Lackey explained that, so far, the studies have shown some really positive results in terms of wildlife population and health.

“As far as weights go, with brown trout the range was around two to six and a half pounds,” Lackey said. “With the rainbow trout, the range was from around a pound and a half to about three and a half. All of them were fat, colorful and in good shape which shows the food is good.”

Lackey continued, “With the small minnows and white suckers and all that we’ve found, it’s a good indication of the food and water qualities being really good. The biggest thing was people thought the fish were going to die because they shut the water off, but because of the habitat that we’ve built for them, they’ve retreated to that deeper water and winter over just fine. They’ve been growing like crazy though, so that wont be enough space for them forever.”

With the increasing amounts of trout being found in the river, Lackey said other professionals are taking note and see good things ahead for Trinidad’s outdoor recreation, especially in terms of fishing and wildlife viewing.

“Greg Polike, who used to be the habitat specialist for the Parks and Wildlife, mentioned Trinidad could be a really good destination spot for fishers, especially for those fishing for brown trout,” said Lackey.

“The work with the Purgatoire is a continuing process,” Lackey continued, “and the thing that’s going to be nice about it is this will tie in real well with the state parks. People that come to Trinidad can hike, bike, go fish, and really have a lot of different opportunities for outdoor recreation.”

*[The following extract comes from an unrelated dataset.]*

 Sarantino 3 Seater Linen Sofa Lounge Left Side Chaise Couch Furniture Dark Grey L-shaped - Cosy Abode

Lackey stated he’d been fishing since he was a small fry, himself, and has a personal fondness for the art of fly-fishing that is prominent in this area.

“The thing about fly-fishing is you have to know a little bit more about fish and their habitat, what they’re going to eat, and where they’re going to hang out,” said Lackey. “There’s more to it than throwing a spinner in and hoping. That doesn’t really mimic anything that’s in the river or the lake it’s just something that they strike at because it’s making a lot of noise. But you get a fly and you get it matched to what the fish are used to feeding on, put it out there with subtlety and stealth, make it look as natural as possible and know where they’re going to be, they’ll take it.”

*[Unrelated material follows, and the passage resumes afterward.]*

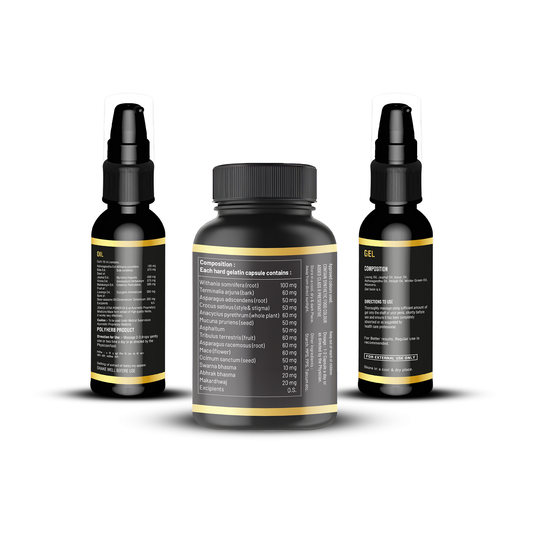 Zenius Xtra Power Kit For Man (60 Capsules & 50ml Oil & 50ml Gel)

Lackey said that the results of the study along the river should soon be finished and has some positive statistics to help with the continued health and growth of the Purgatoire.

“We’ve made a lot of progress with it and I feel like we’re pretty close,” said Lackey. “I’d like to see that we get that plan in place by October. It won’t be running like it is during the summer, but it’ll be enough flow to add to the survivability of the fish and the spawn.”

As PWP moves into 2020, Lackey said they look forward to finishing the study as well as continue cleaning up the downtown section of the river.

“Our big plans for this coming year are finishing up our study and continuing the cleanup and brush removal along the river all the way up to Boulevard if not further,” Lackey said. “We want to get the corridor much more usable for everybody without having to worry about any issues so it’s used for what it’s supposed to be used for.”